§ DATA SECTION:
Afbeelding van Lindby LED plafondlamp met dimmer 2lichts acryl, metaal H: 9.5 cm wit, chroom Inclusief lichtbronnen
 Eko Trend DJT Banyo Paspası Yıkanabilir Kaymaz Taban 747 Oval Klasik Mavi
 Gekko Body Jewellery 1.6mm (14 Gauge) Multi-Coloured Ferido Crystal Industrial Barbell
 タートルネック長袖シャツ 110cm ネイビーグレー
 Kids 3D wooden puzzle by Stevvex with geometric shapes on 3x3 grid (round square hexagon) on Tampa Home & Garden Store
==
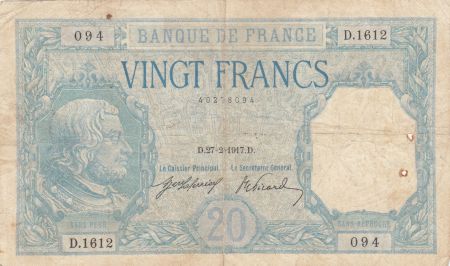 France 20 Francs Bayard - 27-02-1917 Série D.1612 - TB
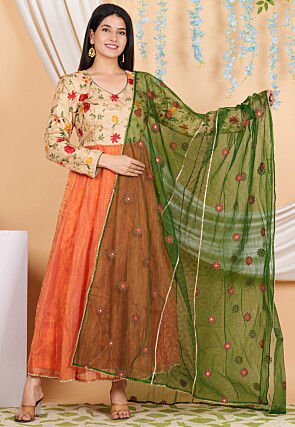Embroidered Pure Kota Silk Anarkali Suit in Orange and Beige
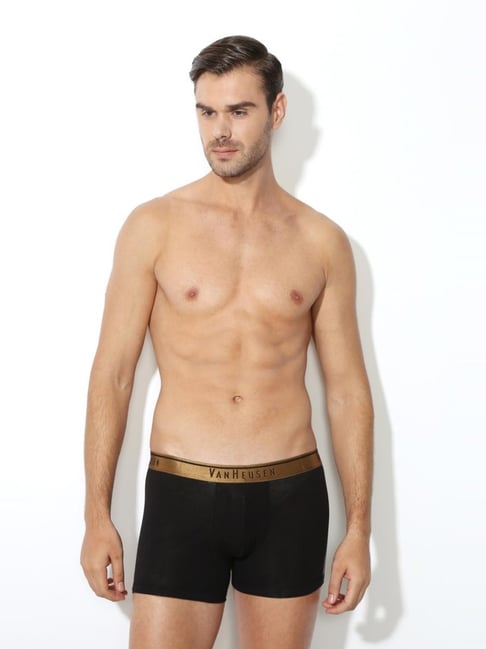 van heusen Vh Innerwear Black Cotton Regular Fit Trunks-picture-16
* * *
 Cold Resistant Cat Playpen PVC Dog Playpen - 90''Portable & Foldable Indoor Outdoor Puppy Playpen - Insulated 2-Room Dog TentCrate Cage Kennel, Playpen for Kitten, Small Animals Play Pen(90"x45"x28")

§ WORK INSTRUCTION:
Within the material above, find the part that opens with the line containing "France 20 Francs" and closes with the line containing "van heusen Vh", and reproduce it exactly without the pictures.

§ RESPONSE TO THIS EXERCISE:
 France 20 Francs Bayard - 27-02-1917 Série D.1612 - TB
Embroidered Pure Kota Silk Anarkali Suit in Orange and Beige
 van heusen Vh Innerwear Black Cotton Regular Fit Trunks-picture-16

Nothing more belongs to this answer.